Mexican composer and Yucatecan singer Armando Manzanero, a bolero icon, is recovering satisfactorily after being hospitalized on Thursday with COVID-19, his press office reported Saturday.
“He is stable, in a very good mood (…). His oxygenation has already increased, which is what the doctors were concerned about, but it is going very well,” says a brief message released by the composer’s press staff. A family member characterized his condition as still “frail.”
Manzanero, who turned 85 on Dec. 7, was hospitalized in Mexico City after testing positive for COVID-19 and presenting a cough and low oxygenation. Five days earlier, he was in Mérida for a low-key inauguration of a museum dedicated to his life and career.
He developed a cough on the way back to Mexico City, but it is not clear where Manzaneo contracted the highly contagious virus.
Although he was photographed alongside Yucatan Gov. Mauricio Vila Dosal, the state executive said he had fully recovered from the virus after a late-October positive diagnosis.
Mexico City and the neighboring State of Mexico declared on a red alert on Friday as infections increased and available hospital beds dwindled.
In Yucatán, which remains under orange alert, 103 new infections and four deaths were reported Thursday.

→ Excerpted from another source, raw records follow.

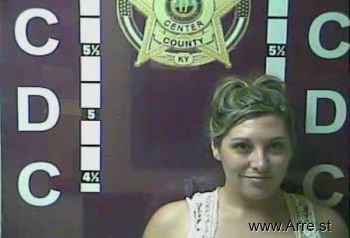 Jessica Lynn Hall Mugshot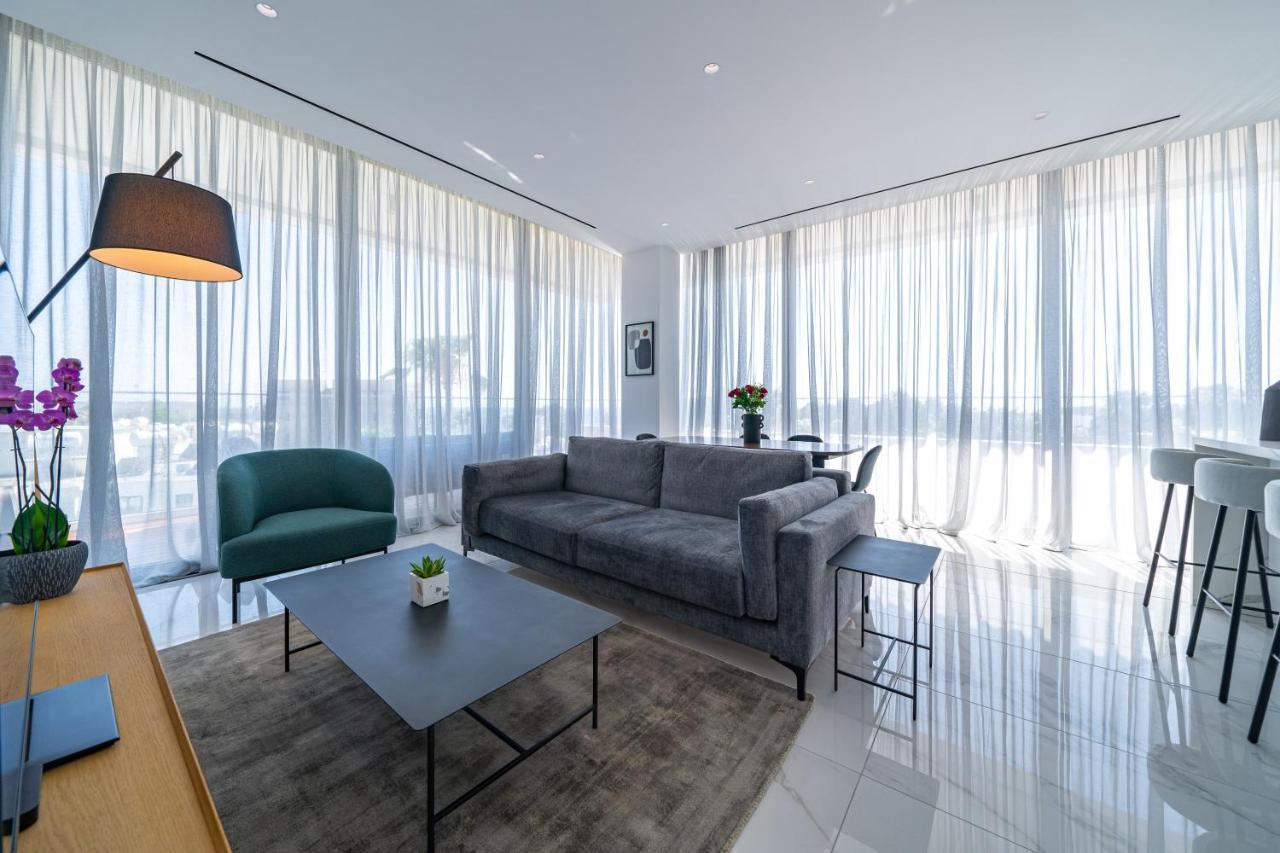 Aparthotel The Palmiers Pafos Zewnętrze zdjęcie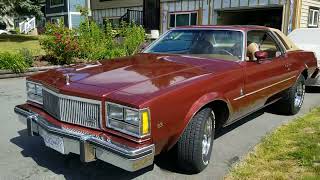 1976 Buick Regal Sport Coupe 38K Original Miles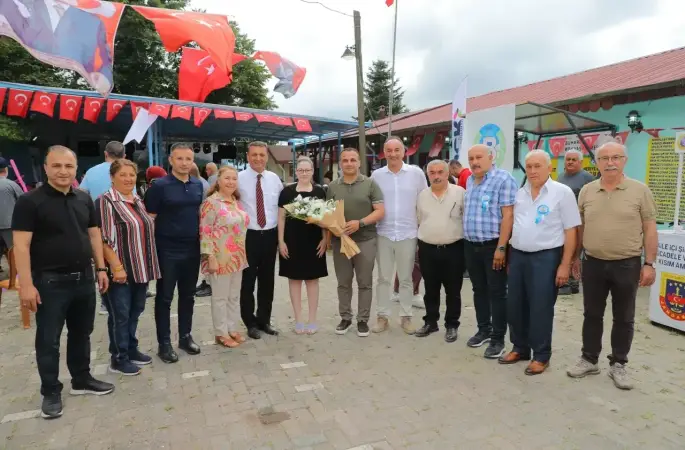 Buharılılar 3. Geleneksel Yaz Etkinliği’nde Buluştu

Daily new cases have been mainly in the triple digits since the middle of last week.
Rumor put to rest
Martha Manzanero Arjona, daughter of the “king of romanticism” and his first wife María Elena Arjona, denied rumors of the singer’s death when speaking with a reporter for the Efe news agency
“Thank God he is responding to the treatment against covid-19 and will soon be home,” said his daughter, who along with her brothers Armando, María Elena and Diego left Mérida to move to Mexico City.
His children never lost faith, she explained, since they have always considered him “a warrior” since the singer-songwriter “has always enjoyed good health.”
Although he has suffered from diabetes for years, his condition has always been under control, according to the family, so he can still travel to give concerts and record albums.
His wife Laura Elena Villa also confirmed this Saturday Manzanero’s improvement.
“My husband is stable and eager to improve,” she declared.
Martha and Laura thanked the public, family and dozens of artists with whom Manzanero has shared the stage and others who have recorded their songs created more than 50 years ago for the expressions of affection and prayers.
Among his most emblematic hits are “Adoro,” “Mía,” “This Afternoon I Saw it Rain,” and “I learned with you.”
Throughout his 74-year career, Manzanero has sung with peers from all over the world, such as the Spanish singer Alejandro Sanz, Carmen París, the pop band Presuntos Implicados and musician Miguel Bosé.
He also joined with Cubans Celia Cruz, Halia María Mompié and Francisco Céspedes; the Mexicans Luis Miguel, Marco Antonio Muñiz, Pedro Vargas, Lucero and Susana Zavaleta, and the Brazilians Roberto Carlos and Ellis Regina.
On Friday, the singer-songwriter was at the inauguration in Mérida of the Museo Casa Manzanero, in which the artists Carlos Cuevas and Coque Muñiz were present.
“I think I’m being rewarded for life,” Manzanero said in an interview with Efe last October.